Robyn Voshardt and Sven Humphrey: USA, single channel video. “New and Improved” 2007, (2 min 21 sec), shows a manic flash-card script for positive thinking and self-improvement. Overloading between directives and objectives: “I am…, I can…, I will…” the reader can’t prioritize between daily minutiae or life-changing goals. The handwritten cards come from an actual exercise in behavioral modification. It’s a poignant collision of conflicting ideals: the remnants of a stringent work ethic vs. self-regulated emotional development attempting to keep pace in a post-Fordist global economy.

Tim Geers: USA, looped video. “Eleanor”, 2007, (3:11 min) gorgeously shot with reminiscences of Planet Earth and other wildlife documentaries, yet subtly critiquing the US involvement in the Middle East. The piece is shot tightly capturing crickets caught in a liquid substance, presumably oil. The close-up shots depict the bugs devouring and succumbing to the liquid. The piece is open enough to engage a dialogue on excess as well as war. Travels to Berlin for Driectors Lounge Festival 2009 *

Fabienne Gautier: France, single channel video. “Passing”, 2007, (9:40 min) is a short slice of life on the streets. Isolation on the streets of Paris is captured by the daily dealings of one homeless person.

Blake Carrington, USA, single channel video. “Sky and Wires: At Home and Homeless, 2007, (9:30 min) ponders a contemporary life of engaging with places not as somewhere to be, but as a place to chart a trajectory through. The piece is presented in multiple-screen format, and an aggressive pattern and flow of image and sound become predominant, as the importance of individual scenes and notes is blurred. In two movements, still imagery from locations in New York, San Francisco, San Diego, Arizona, Indiana, Louisville, Austin, and Las Vegas is introduced and then destroyed in a hyper-rhythm of image and always-progressing serial sound.

Screening Room Travels to Berlin for Driectors Lounge Festival 2009 *

Chie Yamayoshi, Japan/USA, “I want to make a video about you”, 2005, (12:00 min). A young woman invites strangers found on the Internet to act out intimate roles, friend, family member or boyfriend. The piece unpretentiously delves into issues of cyber culture, racial stereotypes, intimacy and anonymity, danger and fantasy.

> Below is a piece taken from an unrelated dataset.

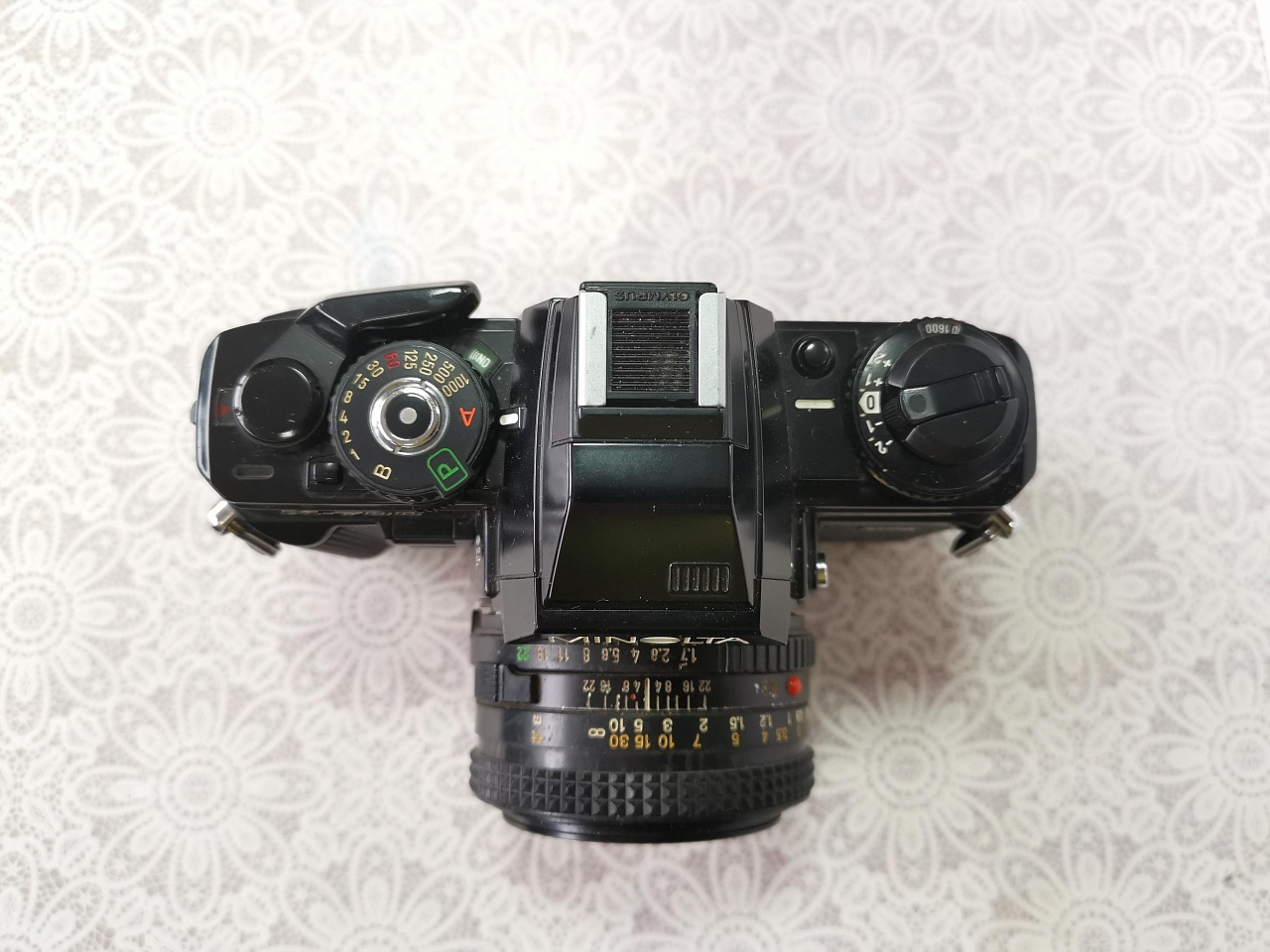 Minolta X-700 + Minolta MC Rokkor-PF 50 mm f/1.7 фото №2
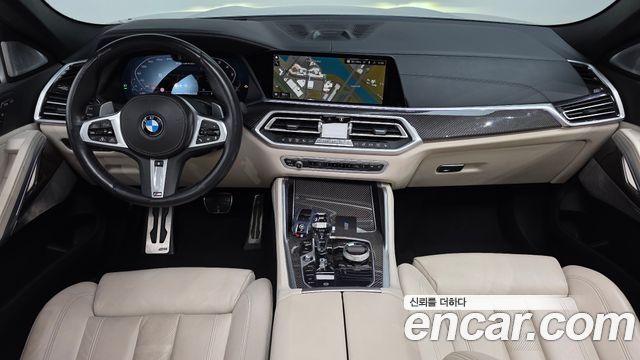 BMW X6 M50i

Pierrre St Jacques, USA “Project for a Grey Dress in NY”, 2005, (12:30 min). The piece is very loosely based on Alain Robbe-Grillet's novel "Project for a Revolution in New York". A woman in her apartment is getting ready to go out, she is ironing her grey dress. A man comes up the stairs, presumably to meet her but this is not certain. The basic central theme is of desire. Desire for the other and also for the self.

Ellen Lake, USA, “I was Never Glamorous, I was Just Around”, 2006, (2:00 min), 16 mm film & cell phone video, color & black and white. A short meditation on balance, preservation, time and technology. This diptych connects cell phone images of an elderly woman to 16 mm films of her former youthful self skating with friends in the 1930s.

Christopher Bruchansky, Belgium, “On The Couch”, 2006 (7:00 min). The story analysis few seconds on a couch : Carlos has difficulties to relax... The supposedly trivial scene is recaptured on different angles, intimate, concrete or statistical, until it reveals all its meaning.

Elizabeth Riley, USA, “Liberty”, 2007, (12:00 min). Shot in the artist's studio, and on New York City’s West Side—and employing a blue tarp as a metaphorical dividing line between self and other—Liberty is a narrative of the integration of the body and an individual’s psychological states with the city.

Marlo Bodzick, Australia, w_b_m (water, breath, money), 2005, (2:27 min). A roll of toilet paper unravels, we hear, but don’t see the dynamic individual discussing the connection between water, breath and money. w_b_m is a clever call for the restoration of balance in our consumer-oriented society.